**Goal of the exercise**
Starting at the first line of the records below, reproduce every line up to and including the line with "Agriculture Ministry to", but leave out all pictures.

**Records for the task**
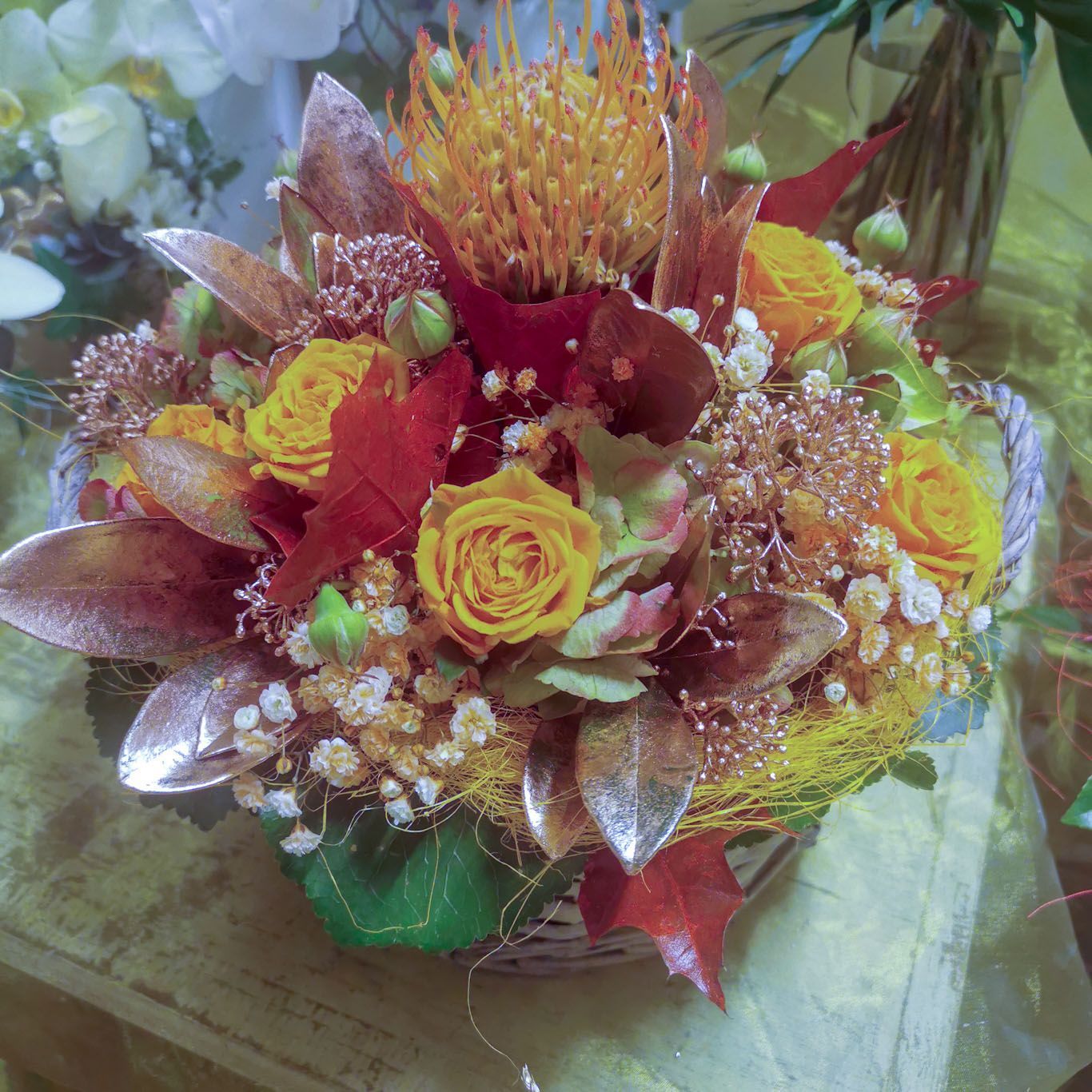 hollenstein blumengarten ag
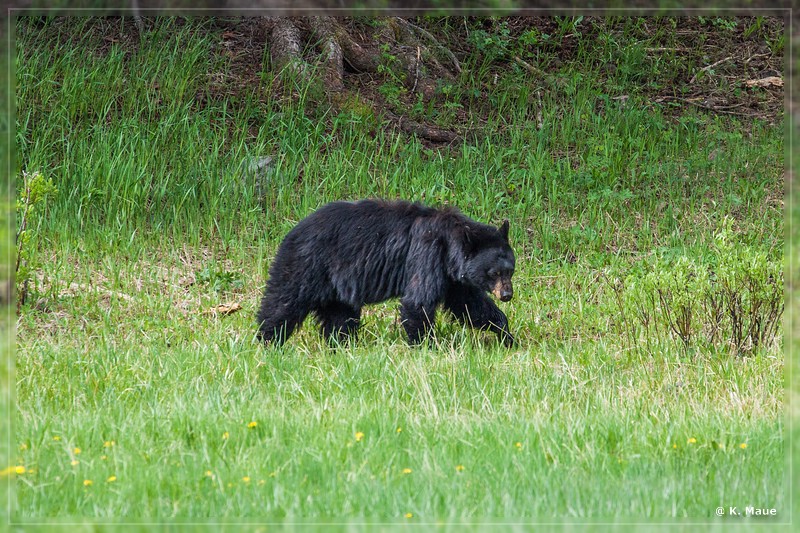 usa2014_0396.jpg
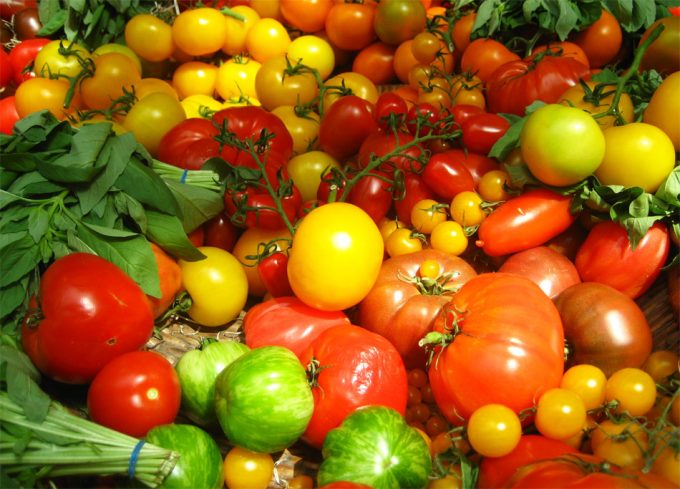 El comercio mundial de alimentos se enfrenta a diferentes vulnerabilidades en las rutas comerciales Estudio Chatham House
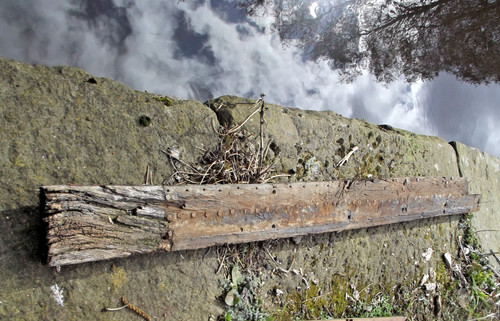 Characterful rustic gnarled - characterful,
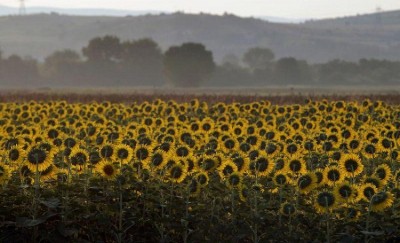 Agriculture Ministry to promote sunflower production in India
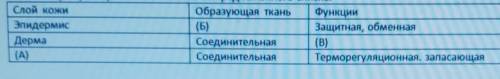 Проанализируйте таблицу «Строение кожи человека». Заполните пустые ячейки таблицы, используя термины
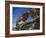 Cederberg, Western Cape Province, South Africa, Africa-I Vanderharst-Framed Photographic Print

**Expected answer**
 hollenstein blumengarten ag
 usa2014_0396.jpg
 El comercio mundial de alimentos se enfrenta a diferentes vulnerabilidades en las rutas comerciales Estudio Chatham House
 Characterful rustic gnarled - characterful,
 Agriculture Ministry to promote sunflower production in India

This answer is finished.